RECORD EXCERPTS =>

##########

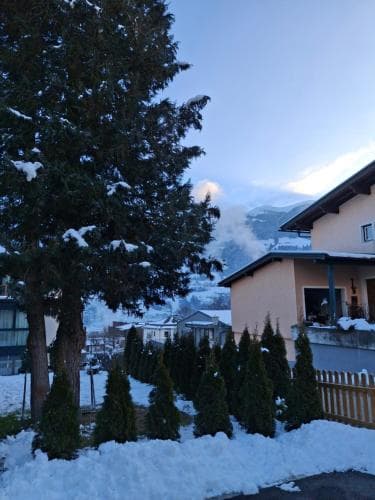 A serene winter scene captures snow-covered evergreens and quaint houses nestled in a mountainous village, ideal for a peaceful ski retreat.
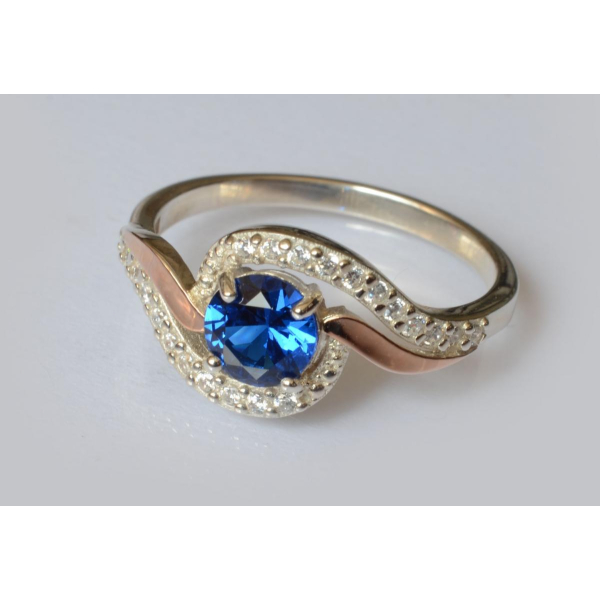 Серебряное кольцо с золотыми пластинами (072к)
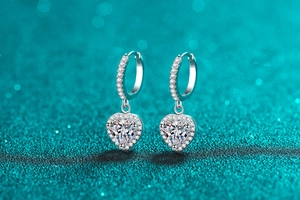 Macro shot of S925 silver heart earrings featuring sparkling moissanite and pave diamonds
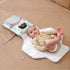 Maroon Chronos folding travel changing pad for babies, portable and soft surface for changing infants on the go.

##########

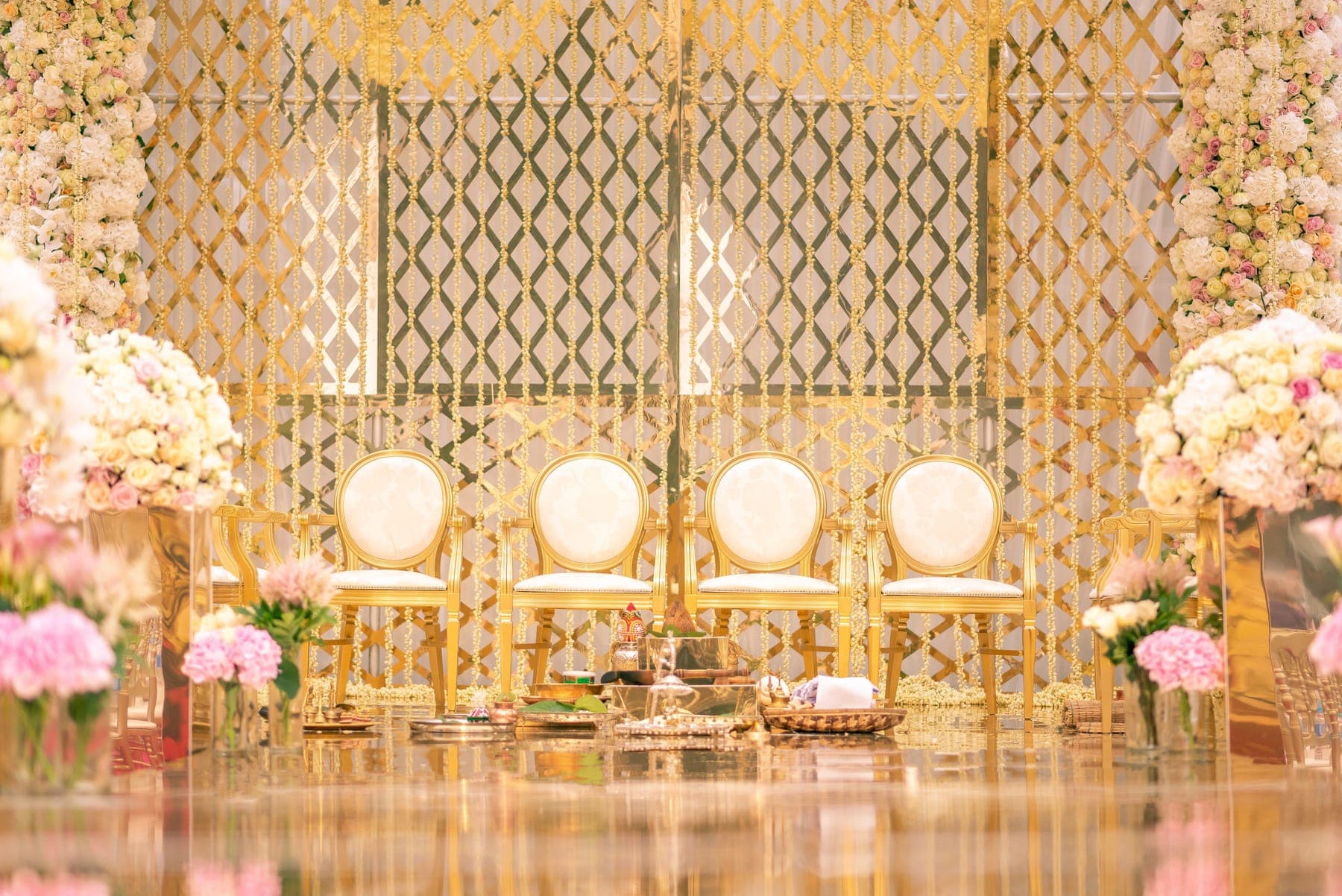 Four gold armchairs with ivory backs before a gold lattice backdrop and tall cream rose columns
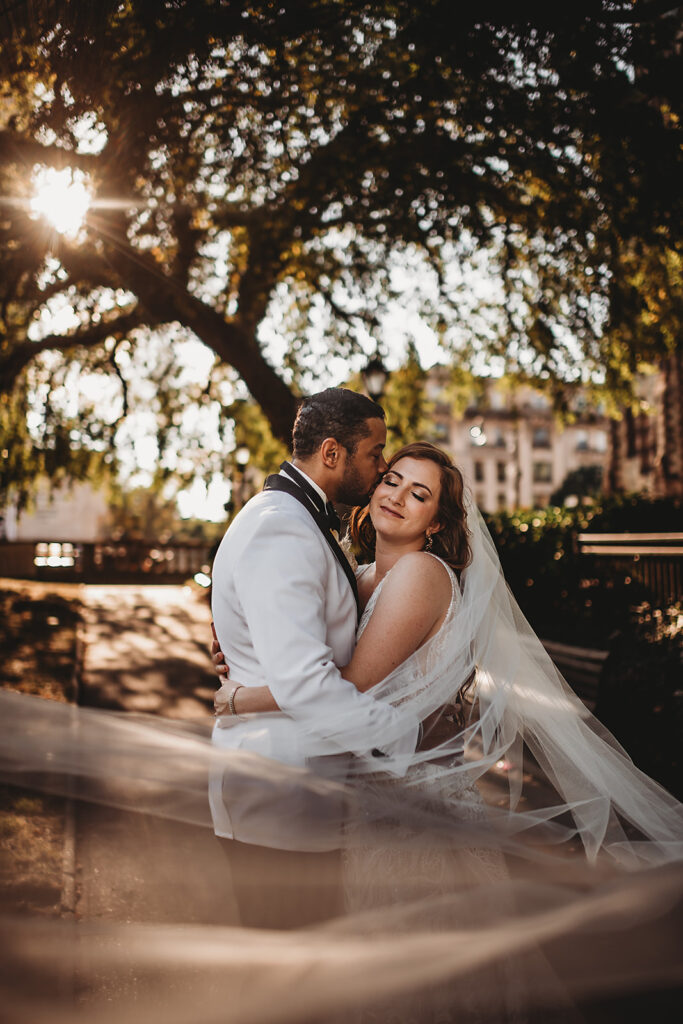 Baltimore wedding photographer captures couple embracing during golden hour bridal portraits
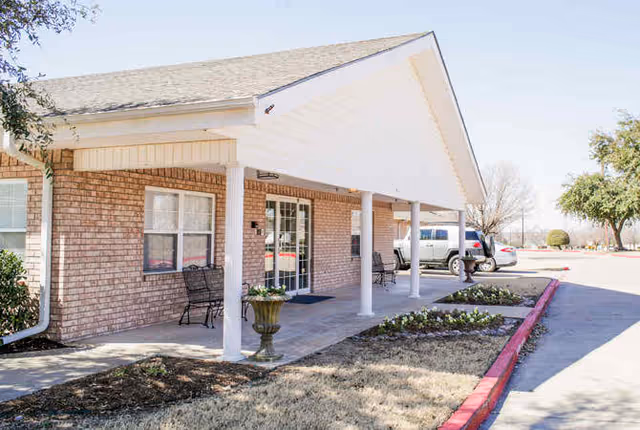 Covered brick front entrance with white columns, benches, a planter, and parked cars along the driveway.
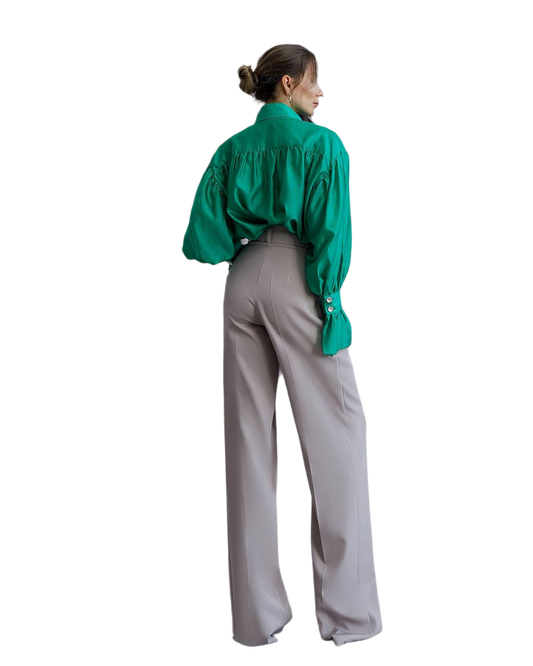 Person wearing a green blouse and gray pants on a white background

##########

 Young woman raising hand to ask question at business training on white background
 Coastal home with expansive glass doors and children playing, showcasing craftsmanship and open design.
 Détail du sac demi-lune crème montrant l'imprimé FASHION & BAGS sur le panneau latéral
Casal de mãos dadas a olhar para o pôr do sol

##########

Beginning at the line above that contains "Baltimore wedding photographer", repeat each line exactly through the one that contains "Person wearing a", and leave out the pictures.

TASK RESPONSE =>
 Baltimore wedding photographer captures couple embracing during golden hour bridal portraits
 Covered brick front entrance with white columns, benches, a planter, and parked cars along the driveway.
 Person wearing a green blouse and gray pants on a white background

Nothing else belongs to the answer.